» PROMPT: From the entries below, reproduce exactly the lines from the one with "Rollkragenpullover mit Print" through the one with "Tonga Christmas Off", both included, without images.

» DATASET EXCERPTS:

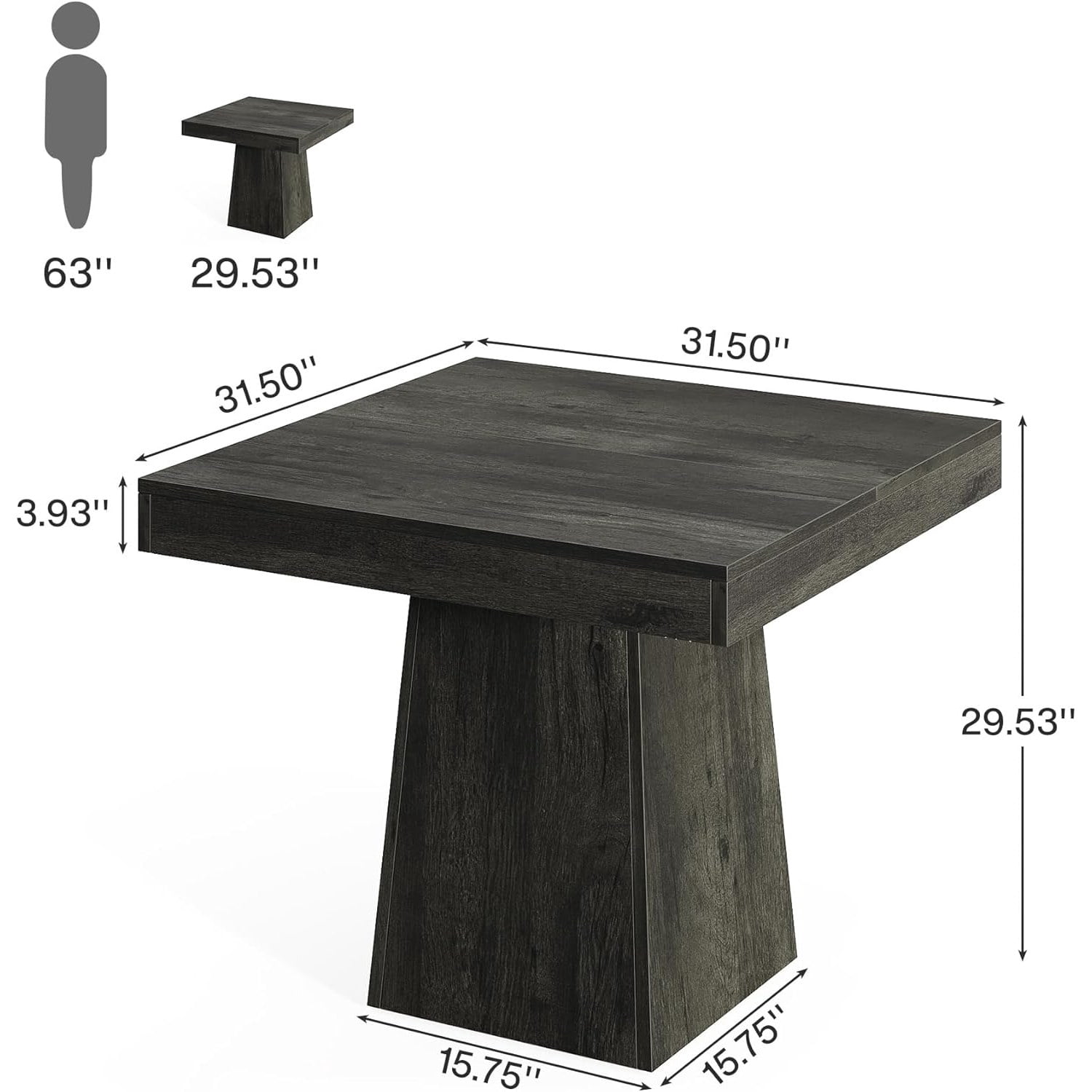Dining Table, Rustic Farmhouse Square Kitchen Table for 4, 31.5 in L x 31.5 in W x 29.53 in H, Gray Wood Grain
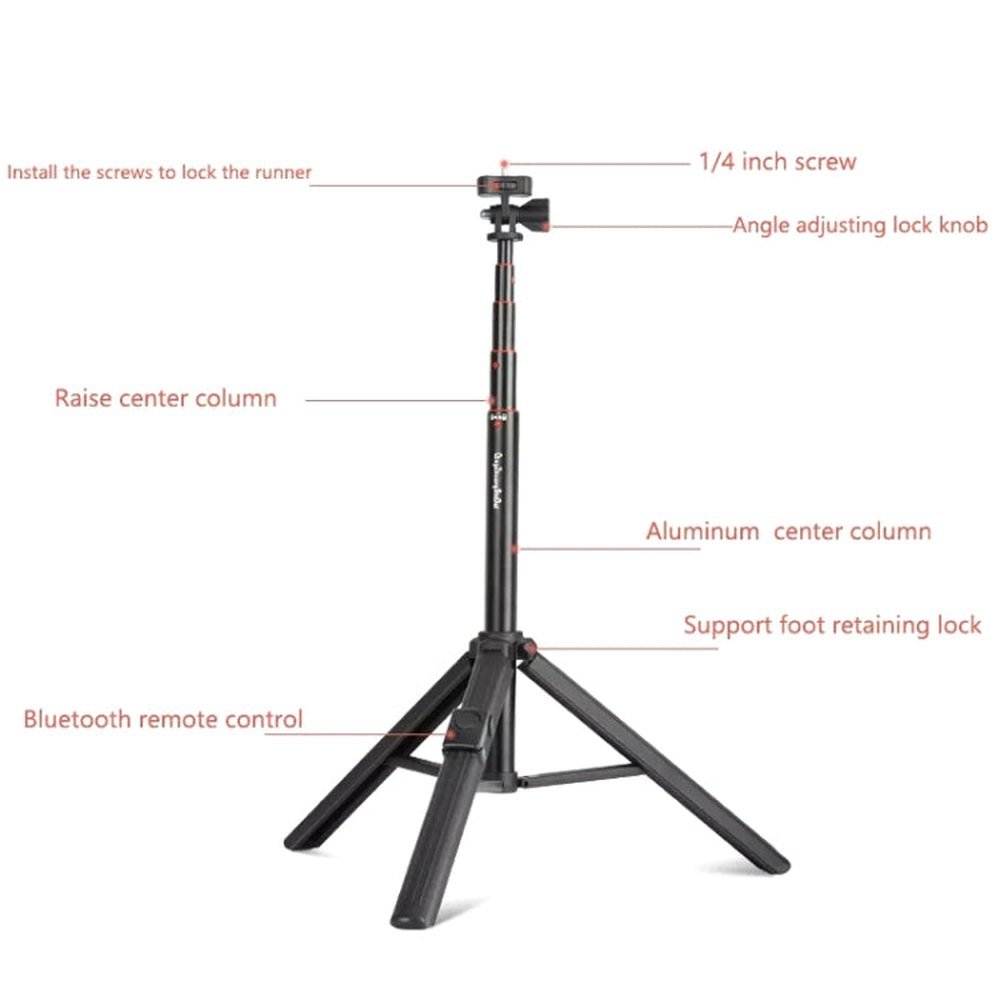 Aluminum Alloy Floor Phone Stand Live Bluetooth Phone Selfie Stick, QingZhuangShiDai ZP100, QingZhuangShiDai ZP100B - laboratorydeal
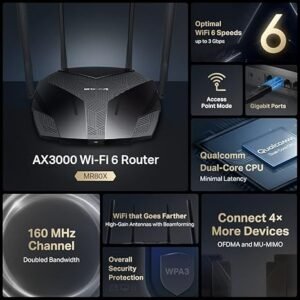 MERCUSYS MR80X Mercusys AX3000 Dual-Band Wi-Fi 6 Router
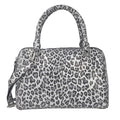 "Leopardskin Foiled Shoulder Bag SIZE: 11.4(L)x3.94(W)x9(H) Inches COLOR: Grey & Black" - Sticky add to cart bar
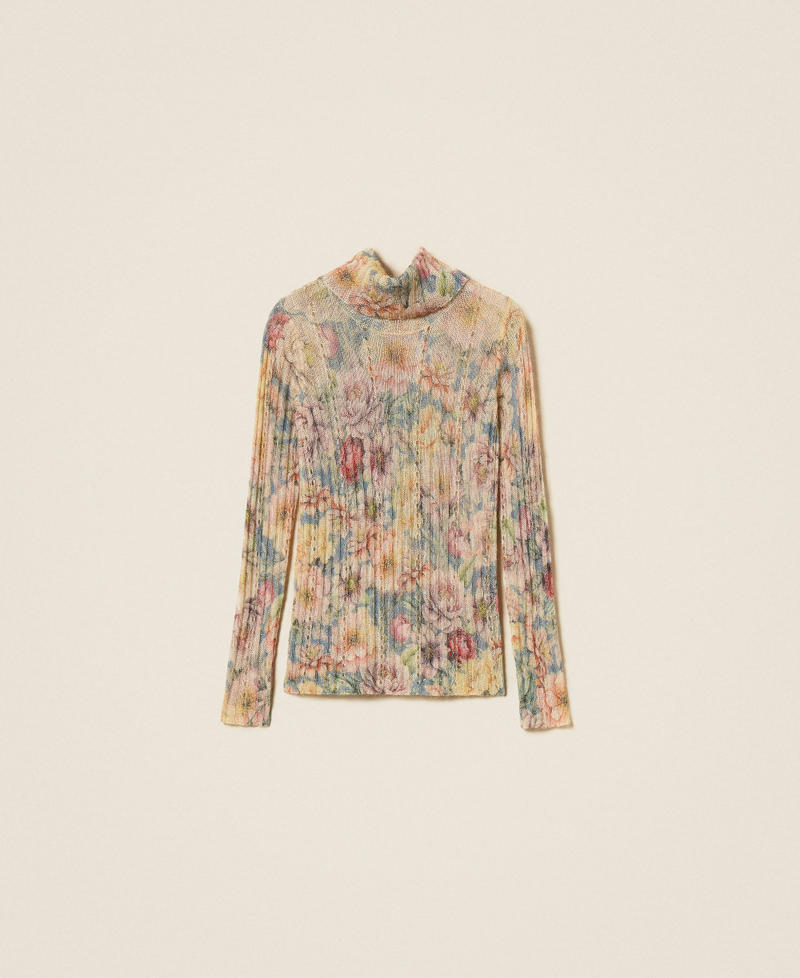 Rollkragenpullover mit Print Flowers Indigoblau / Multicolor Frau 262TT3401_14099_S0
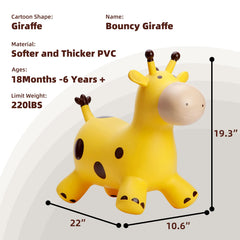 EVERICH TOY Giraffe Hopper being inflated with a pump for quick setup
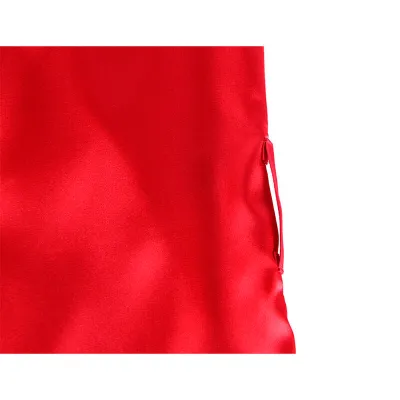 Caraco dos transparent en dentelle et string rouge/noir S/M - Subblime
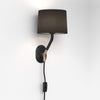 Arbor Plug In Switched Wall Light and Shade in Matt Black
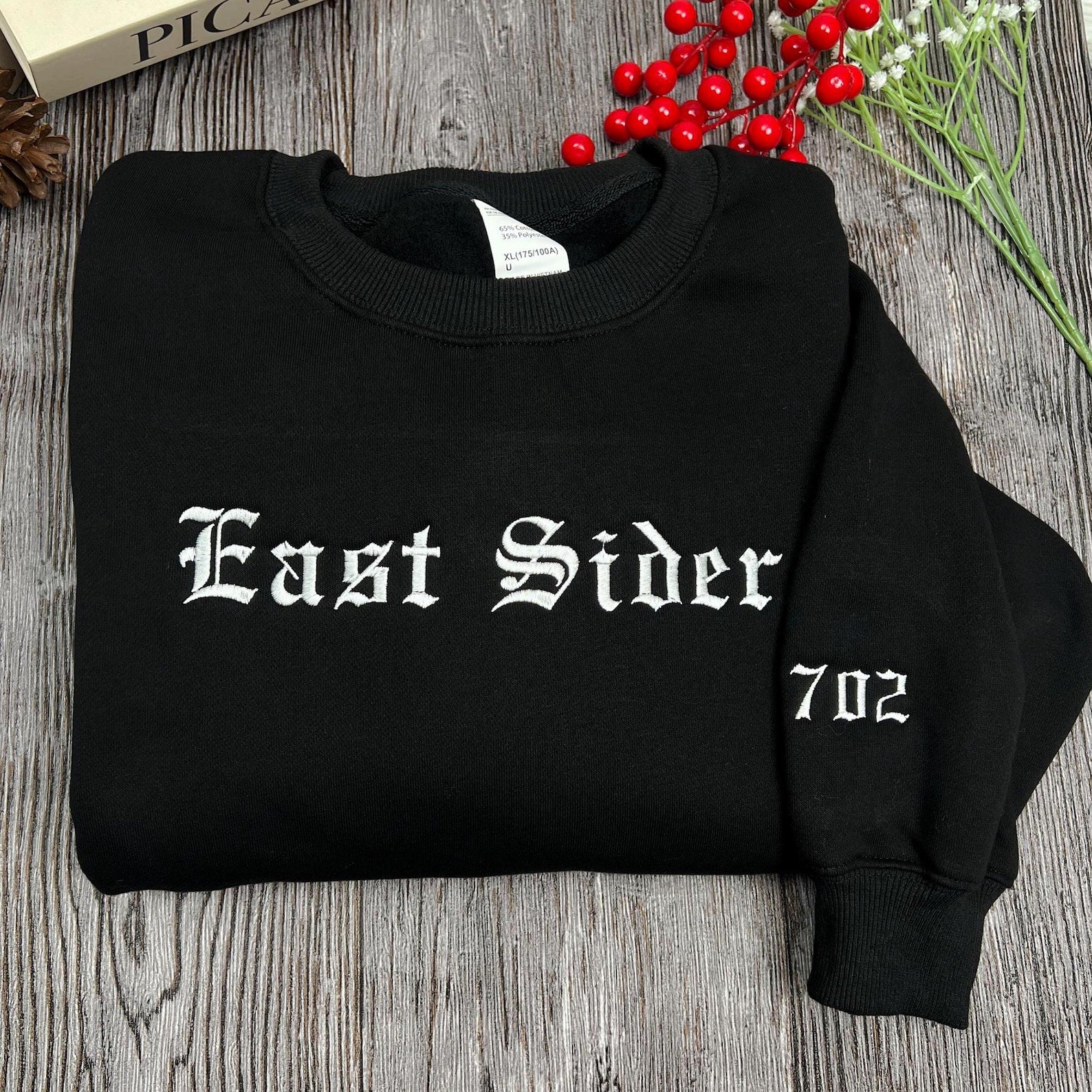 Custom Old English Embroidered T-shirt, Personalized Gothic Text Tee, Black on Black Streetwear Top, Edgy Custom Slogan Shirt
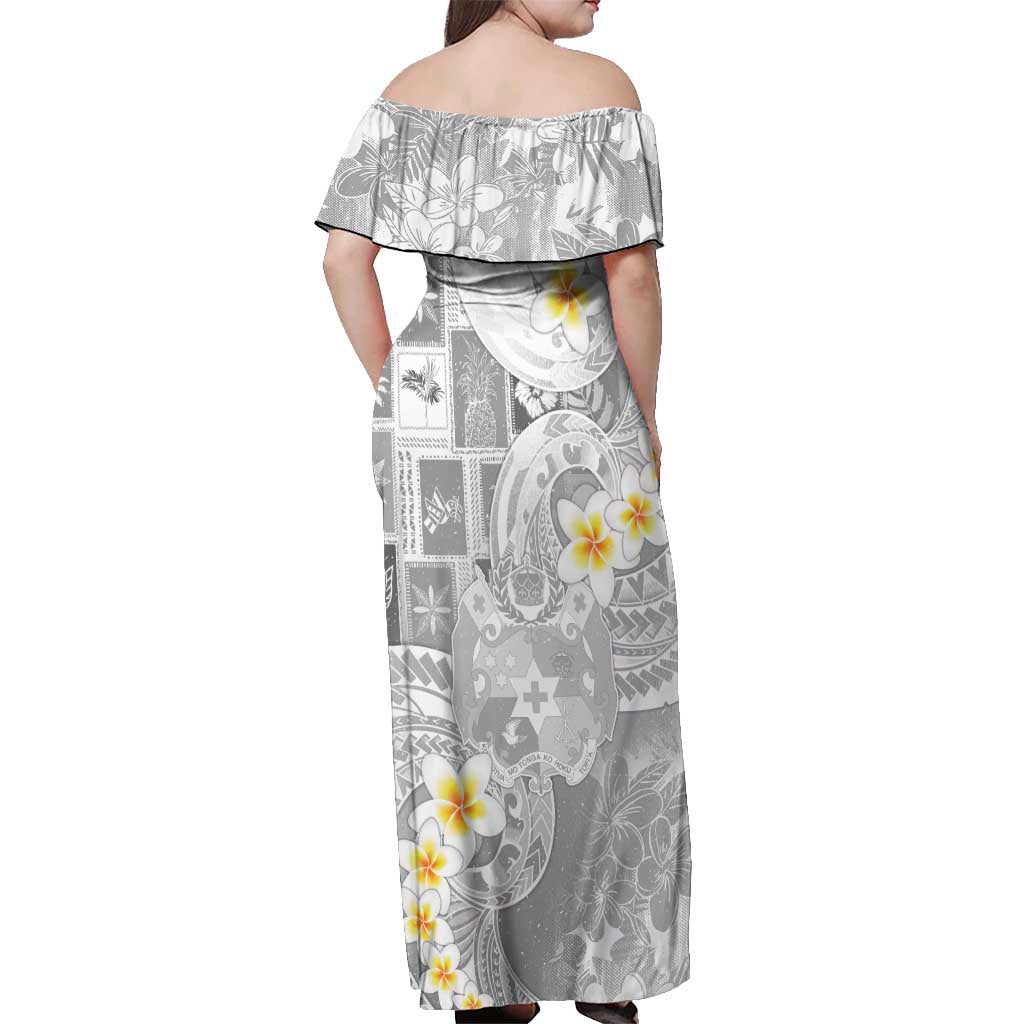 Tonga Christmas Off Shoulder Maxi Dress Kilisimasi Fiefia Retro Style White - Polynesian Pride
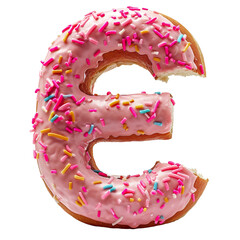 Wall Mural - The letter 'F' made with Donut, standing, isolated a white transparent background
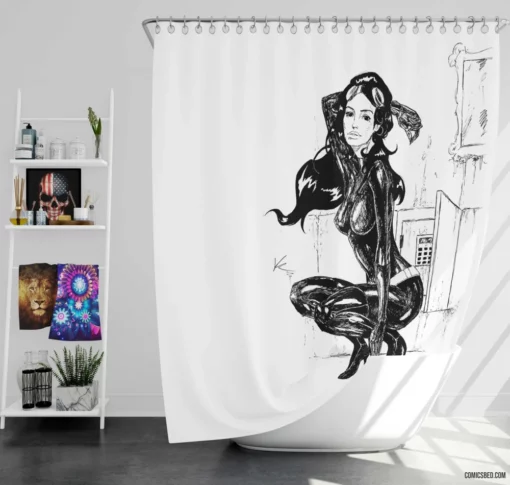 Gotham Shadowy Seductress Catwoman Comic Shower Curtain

» RESULT FOR THIS EXERCISE:
 Rollkragenpullover mit Print Flowers Indigoblau / Multicolor Frau 262TT3401_14099_S0
 EVERICH TOY Giraffe Hopper being inflated with a pump for quick setup
 Caraco dos transparent en dentelle et string rouge/noir S/M - Subblime
 Arbor Plug In Switched Wall Light and Shade in Matt Black
 Custom Old English Embroidered T-shirt, Personalized Gothic Text Tee, Black on Black Streetwear Top, Edgy Custom Slogan Shirt
 Tonga Christmas Off Shoulder Maxi Dress Kilisimasi Fiefia Retro Style White - Polynesian Pride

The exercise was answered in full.